Nowlove of selfIt became, literally, a fix idea!
Many coaches and gurus say:"Love yourself, love yourself and everything will work out in life!"
But how to do that?
We were not taught to love ourselves, on the contrary, since childhood we have in every way belittled the dignity and even small, but our, personal, achievements.
Where to start?
The first step towards self-love, I began by honestly admitting that I adore coffee.
If you only knew how many times I fought with myself and with my attachment to this drink!
Dozens of times!
I told myself that coffee is bad for health and that I am the mistress of my life, and therefore I cannot allow any brown water to dominate my desires and thoughts!
I suffered, went into depression, went crazy with the smell of coffee, which came from every corner, but was proud to train my willpower.
Strength of will…
What a sweet word. How many neurosis occurred after someone started to train willpower. Sometimes we struggle with ourselves, with our individuality, and then we pay for it.

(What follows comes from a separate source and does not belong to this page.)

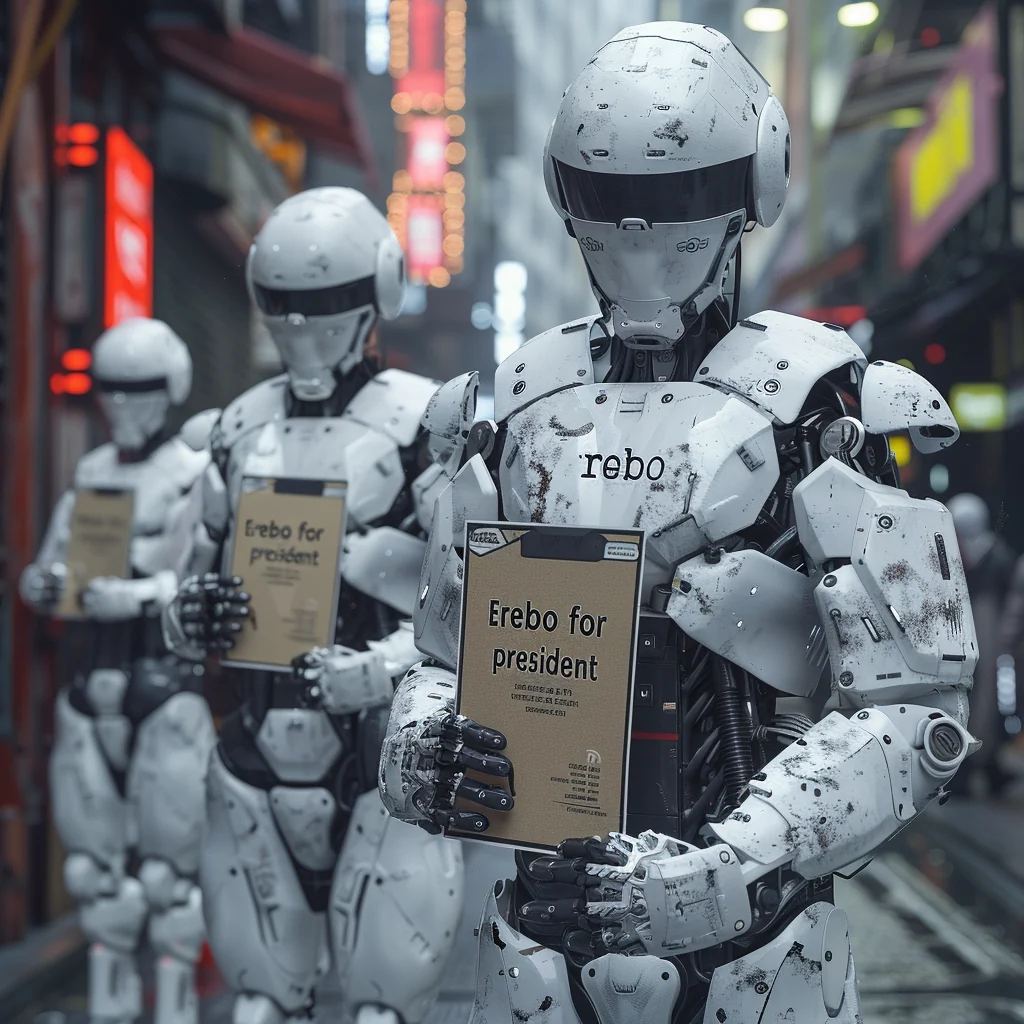 Illustration of robots carrying campaign placards reading Erebo for president.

The latest stupidity was my struggle with coffee, which lasted all week, and on the weekend I went to a restaurant and drank a treasured cup, incredibly proud of myself. I was able to survive another week, despite the fact that there is an excellent coffee maker in the nightstand, I could, I overpowered myself.
Did I love myself then?
And what do you think?
I loved my willpower, I loved my pride,I loved everything, anything, but not myself ...

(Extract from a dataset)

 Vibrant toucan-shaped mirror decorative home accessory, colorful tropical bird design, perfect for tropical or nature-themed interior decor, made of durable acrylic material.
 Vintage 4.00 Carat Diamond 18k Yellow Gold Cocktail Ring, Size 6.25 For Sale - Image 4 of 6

Because, I fought with my uniqueness, with my peculiarity, which was a part of me. One cup of coffee a day would never harm my health, but my mind was blinded by me, and I continued day after day in a meaningless struggle with myself.

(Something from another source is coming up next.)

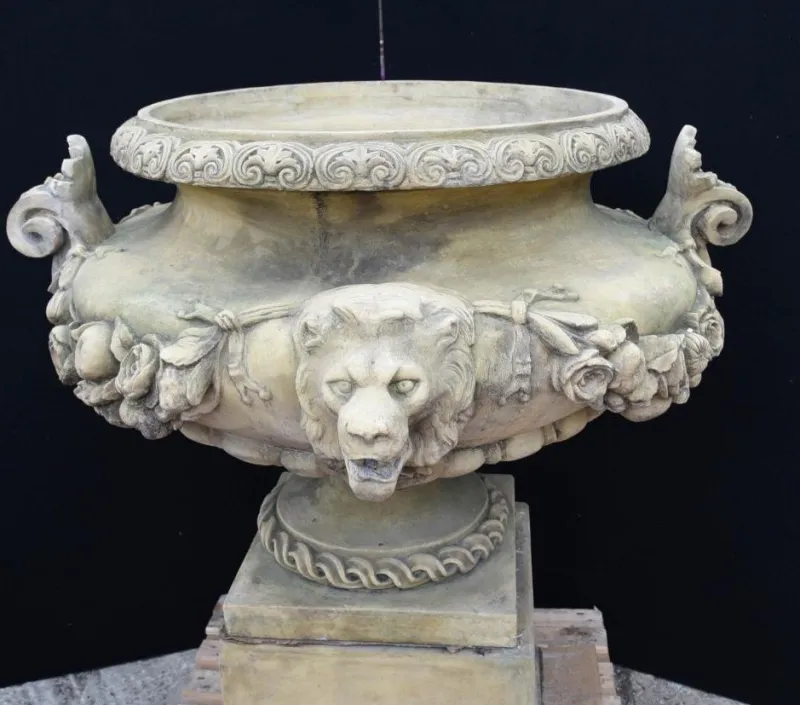 Pamono Large English Stone Garden Urn on Pedestal Plinth> Garden Accessories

Then one day I woke up and realized that I did not love myself.
I drive myself into the “Procrustean Lodge” because of some false beliefs.
I do not love myself so much that I don’t give the most dear to me a person to enjoy what is so important to him.
Is it love?
In my opinion, this is torture.
Does the executioner love the victim he is torturing? No! So why did I become an executioner for myself? Why did I do this?
This thought turned my life around, and I went straight to the nightstand and pulled out a coffee maker.
I love coffee! I love to drink it from a big mug, with sugar and whipped milk, and also sprinkled with ground cinnamon!
Just ground and brewed, the coffee stood before me in a snow-white porcelain cup and rested. His delicious foam lavished on her fragrance, and tiny bubbles burst on her, setting the pace for the beautiful day of my new life, in whichI loved myself, all your features, uniqueness, your whole personality!
With wrinkles at the edges of the eyes, because I love to laugh, just laugh with all my might!
With a face without a shadow of makeup, because I do not like all this chemistry on me. With naughty hair that will curl despite all my efforts and products of cosmetic companies.All of myself, the way I am.
That day over a cup of your favorite drinkI painted what I like to eat, drink and do.
And now I try to bring these things into my life as often as possible.
And everything really got better!
After all, all my actions bring me joy and pleasure, there are no thoughts in my head that destroy me, and as you know, the Universe responds to such positive thinking and gives a person the opportunity to enjoy life even more.
This article reflects only the opinion of the author on this issue and does not apply to topics related to damage to health: smoking, alcohol and drugs.